It’s not every day I get an e-mail pitch that begins, “Hello, my name is Billy Sims, I am the 1978/ Heisman Trophy Winner and former all pro running back for the Detroit Lions.”
As a lifelong Lions fan and a beast on the fantasy football field (ahem), I didn’t need any further prompting. We arranged to talk on the phone and I spent 45 minutes learning about Sims’s next potentially legendary feat: To conquer the Chinese food production market through a series of joint ventures, called the Billy Sims/China Food Group, on American soil.
But let me back up for those of you who aren’t football fans. Billy Sims was born in 1955, and by the 1970s he was breaking high school football records for rushing yards in his native Texas. He went on to play football for the University of Oklahoma, won the Heisman, and then spent his professional career playing for the Lions in Detroit. In 1983, he earned the nickname “Kung-Fu Billy Sims” from ESPN for a play where he karate-kicked defenders out of his way as he ran toward the goal line. That never-quit attitude has continued to serve him well in his post-football career as an entrepreneur.
So to anyone who wonders what the heck Billy Sims knows about manufacturing food for the Chinese market, he has this to say: “All my life, I’ve been told what I’m not going to do—I live off folks telling me what I can’t do. I just find another way to do it.”
Though Sims has had his hand in numerous business ventures over the years, he’s perhaps best known for his successful chain of more than 60 restaurants nationwide called Billy Sims Barbeque.
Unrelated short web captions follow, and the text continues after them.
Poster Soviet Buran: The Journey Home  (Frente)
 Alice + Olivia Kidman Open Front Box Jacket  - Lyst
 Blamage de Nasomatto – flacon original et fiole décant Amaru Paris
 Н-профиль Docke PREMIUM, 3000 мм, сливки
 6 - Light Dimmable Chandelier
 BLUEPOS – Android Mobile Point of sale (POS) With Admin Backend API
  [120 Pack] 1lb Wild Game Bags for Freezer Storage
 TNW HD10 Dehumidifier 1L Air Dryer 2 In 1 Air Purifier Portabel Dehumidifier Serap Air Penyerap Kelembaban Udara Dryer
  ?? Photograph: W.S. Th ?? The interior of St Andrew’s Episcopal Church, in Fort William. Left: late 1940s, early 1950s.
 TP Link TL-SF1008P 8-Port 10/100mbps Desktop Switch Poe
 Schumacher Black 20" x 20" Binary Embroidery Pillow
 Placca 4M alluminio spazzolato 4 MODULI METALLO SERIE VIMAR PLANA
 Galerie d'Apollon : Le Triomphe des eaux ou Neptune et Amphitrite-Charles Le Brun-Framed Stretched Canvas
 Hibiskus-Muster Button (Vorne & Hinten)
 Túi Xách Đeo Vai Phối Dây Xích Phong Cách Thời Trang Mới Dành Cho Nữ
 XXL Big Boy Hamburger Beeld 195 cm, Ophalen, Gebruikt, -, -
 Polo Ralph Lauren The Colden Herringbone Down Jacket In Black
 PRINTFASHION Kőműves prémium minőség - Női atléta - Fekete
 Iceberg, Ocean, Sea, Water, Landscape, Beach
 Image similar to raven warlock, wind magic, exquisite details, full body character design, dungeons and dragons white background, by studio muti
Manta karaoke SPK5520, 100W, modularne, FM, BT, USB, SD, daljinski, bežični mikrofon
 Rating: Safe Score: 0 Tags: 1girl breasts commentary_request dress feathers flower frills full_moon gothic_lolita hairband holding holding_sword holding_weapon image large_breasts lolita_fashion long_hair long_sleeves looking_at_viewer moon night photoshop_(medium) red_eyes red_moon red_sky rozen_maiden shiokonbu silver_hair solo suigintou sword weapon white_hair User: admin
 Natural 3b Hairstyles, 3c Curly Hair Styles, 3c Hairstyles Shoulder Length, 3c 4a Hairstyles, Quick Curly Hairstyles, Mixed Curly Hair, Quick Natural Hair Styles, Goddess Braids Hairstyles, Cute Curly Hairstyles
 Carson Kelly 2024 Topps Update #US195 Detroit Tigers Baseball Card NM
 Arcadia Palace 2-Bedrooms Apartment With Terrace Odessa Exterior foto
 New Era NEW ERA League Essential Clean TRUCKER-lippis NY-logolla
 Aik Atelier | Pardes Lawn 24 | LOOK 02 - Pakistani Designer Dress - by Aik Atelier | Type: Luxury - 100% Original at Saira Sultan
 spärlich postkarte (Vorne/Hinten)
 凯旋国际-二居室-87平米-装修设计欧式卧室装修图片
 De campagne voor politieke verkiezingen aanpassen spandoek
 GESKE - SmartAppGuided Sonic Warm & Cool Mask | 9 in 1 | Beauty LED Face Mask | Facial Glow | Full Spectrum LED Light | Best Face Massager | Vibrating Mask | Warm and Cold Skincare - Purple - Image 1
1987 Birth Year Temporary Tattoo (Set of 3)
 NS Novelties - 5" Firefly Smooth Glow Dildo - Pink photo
Last year, he formed his new company after learning more about the multi-billion-dollar market that exists in China for food production, and how to satisfy the cravings of China’s nouveau riche.
“The idea first came up three years ago, when I was selling real estate to Chinese investors,” Sims explained. “I made some friends and one thing led to another.”
Soon after, Sims met Siva Yam, the president of the U.S.-China Chamber of Commerce, and in talking with him, Sims discovered that many Chinese people are aspirational eaters, so to speak: They like products imported from North America because they consider them to be higher quality with less chance of contamination, an issue that has dogged China as it has experienced astronomical growth in the past decade.
The tastes of the Chinese population are also changing, according to Sims. They’re increasingly developing an appetite for dairy products like whole milk powder, which is not traditionally a part of the Chinese diet but has become a coveted source of baby food, and the demand can’t be satisfied internally for a number of reasons. Chinese producers have a hard time meeting quality standards, Sims said, and even when they do, the grazing land and feedstock available to raise dairy cows is limited.
Sims immediately saw a big opportunity for American food producers. The demand for U.S. dairy products in China has followed recent export trends for other goods like meat, corn, nuts, and wine. According to Bloomberg Business, in the first quarter of 2014, the value of U.S. dairy exports grew 39 percent.
After his conversations with Yam, Sims began an intense, six-month due diligence process where he investigated the merits of the proposed business case. Sims and his co-founder, David “Chief” Tomby, began forming the Billy Sims/China Food Group team, and they hired Kevin Zhang, a native of China with a 25-year business career and a long track record of facilitating trade between the U.S. and China, to be his director of China operations. The company also brought on Mengniu, one of China’s largest dairy enterprises, as a partner.
Sims also contacted his former Oklahoma teammate, J.C. Watts, who represented Oklahoma’s fourth district in Congress from 1995 to 2003 and is now a lobbyist. Watts was able to open more doors for Sims in China. Sims attempted to broker a “huge order” of whole milk powder for his Chinese contacts, but was temporarily thwarted when he was told the amount of powder he was seeking was more than the total produced at all U.S. plants in a year. He realized he was going to have to fight his way to another solution.
At first, he thought he might build a factory in China, but after numerous discussions with Chinese partners and other experts on the Chinese food market, he was advised to take a different approach: Build food hubs in the United States—each containing four separate factories co-owned by Billy Sims/China Food Group, Chinese food corporations, and American producers—to manufacture food products exclusively for export to China. And dairy is just the beginning.
One food hub, for instance, might manufacture whole milk powder, salad oils, candy, and soft drinks. Sims plans to name his product line after an ancient Chinese city (not yet disclosed), and estimated the first food hub would cost $300 million to build.
“What the Chinese want is to do it themselves or to do a joint venture,” Sims said. “The White House said offer a joint deal, so that’s what we did.”
Sims said Chinese investors responded enthusiastically, and he now finds himself “very close to pulling this off.”